Pivotal. A turning point. A venue for strong ideas.
These are some of the terms that college students used to describe the 2017 white nationalist rally in Charlottesville, Virginia that claimed the life of Heather Heyer, a counter-protester who died when a man drove his car into a crowd.
Some students, who used these terms during interviews I conducted for a book I’m writing about politically engaged college students, identify with the alt-right, a white nationalist movement.
The Charlottesville rally took place on Aug. 11 and Aug. 12, 2017.
Many people across the country were alarmed by the white nationalist rally, condemning President Donald Trump for failing to condemn the rally strongly enough, and commenting that there were “fine people on both sides.” But for college students who identify with the alt-right, one of the biggest regrets they have about Charlottesville is that they weren’t there.
“I wanted to go, to be there. I was still in high school, so I couldn’t,” a 19-year-old male student at a large state school in the Northeast told me. “But now, if something like that was planned? I’d be there.”
Other alt-right students told me how the rally represented a political awakening.
“Charlottesville was the first time I realized that there were other people like me, not in chat rooms and anonymous,” one 20-year-old male student at a small private school on the West Coast told me. “I knew we could change the country if we wanted.”
As a scholar who studies the Holocaust, genocide and other hard histories, I’m troubled yet intrigued by the students’ positive perspectives on a rally that began with angry, tiki-torch wielding white men marching through town giving heil salutes and chanting things such as “Jews will not replace us.”
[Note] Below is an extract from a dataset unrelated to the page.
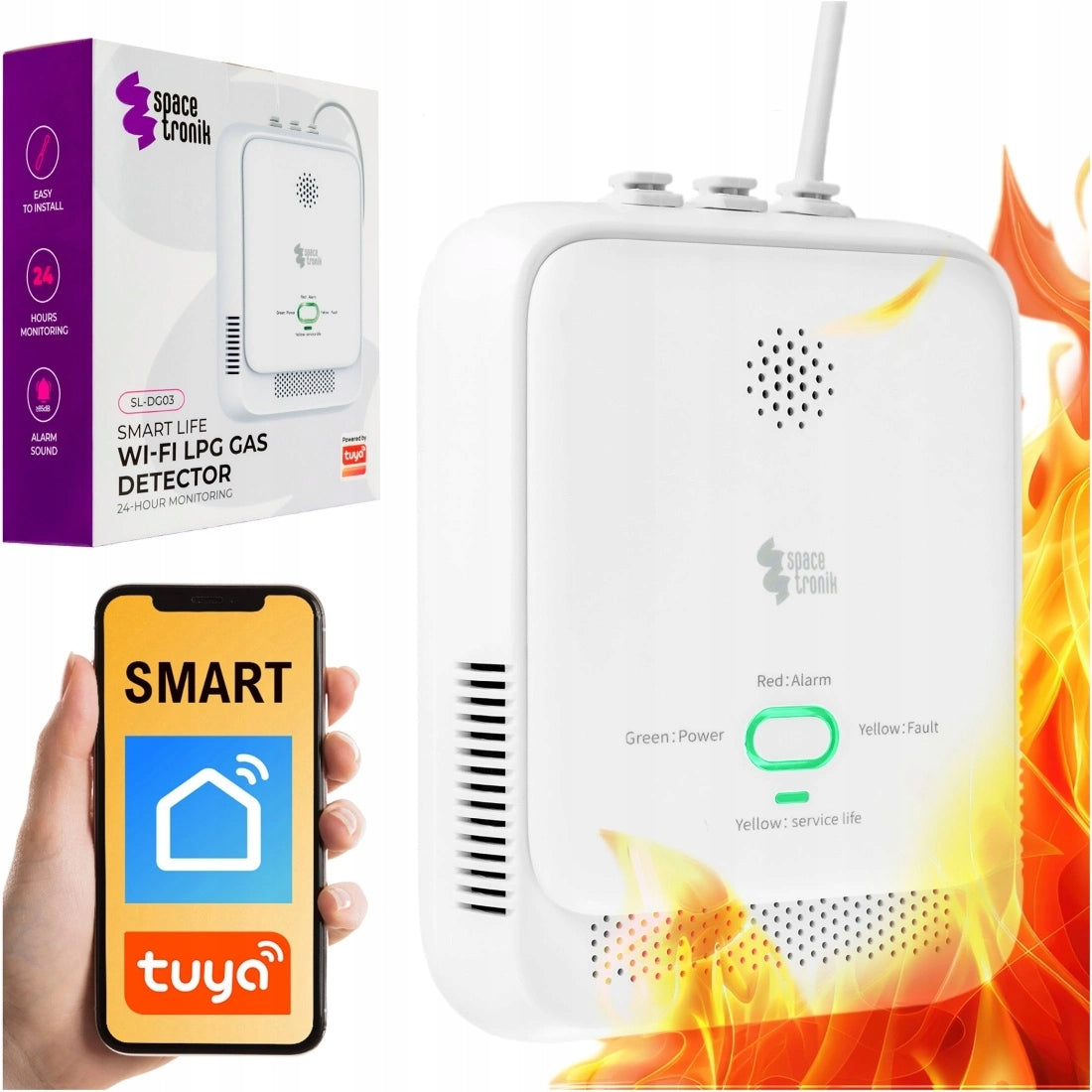 Czujnik Gazu propan butan Tuya WiFi Spacetronik detektor certyfikowany 5LAT do domu, wykrywacz nieszczelności, alarm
As a result, I was drawn to learn about the circumstances that lead alt-right students to admire those actions.
Taking a closer look
The way alt-right individuals portray themselves online contrasts to how many present in person. Online, they present as angry, anti-semitic and unwavering in their beliefs. I’ve interviewed dozens of these young men in the past several months who attend different colleges throughout the nation. As individuals, I’ve found a number of these young men to be willing to be challenged on their political thinking and engagement.
This is not meant to suggest that I believe all viewpoints are equally valid, or deserve airtime. But I do believe that we’ve stopped the discussion about divergent ideas, and need to renew it. Even if we wildly disagree with some of those ideas, even if they go against what we believe, more conversation would do us all some good.
And so I’ve begun talking to alt-right students. Thus far, all of them have been young men.
One alt-right student spoke of how he wasn’t interested in politics before Charlottesville because he thought maybe politics didn’t affect him personally. But his viewpoints changed when he saw his dad lose his manufacturing job “and things got tight.”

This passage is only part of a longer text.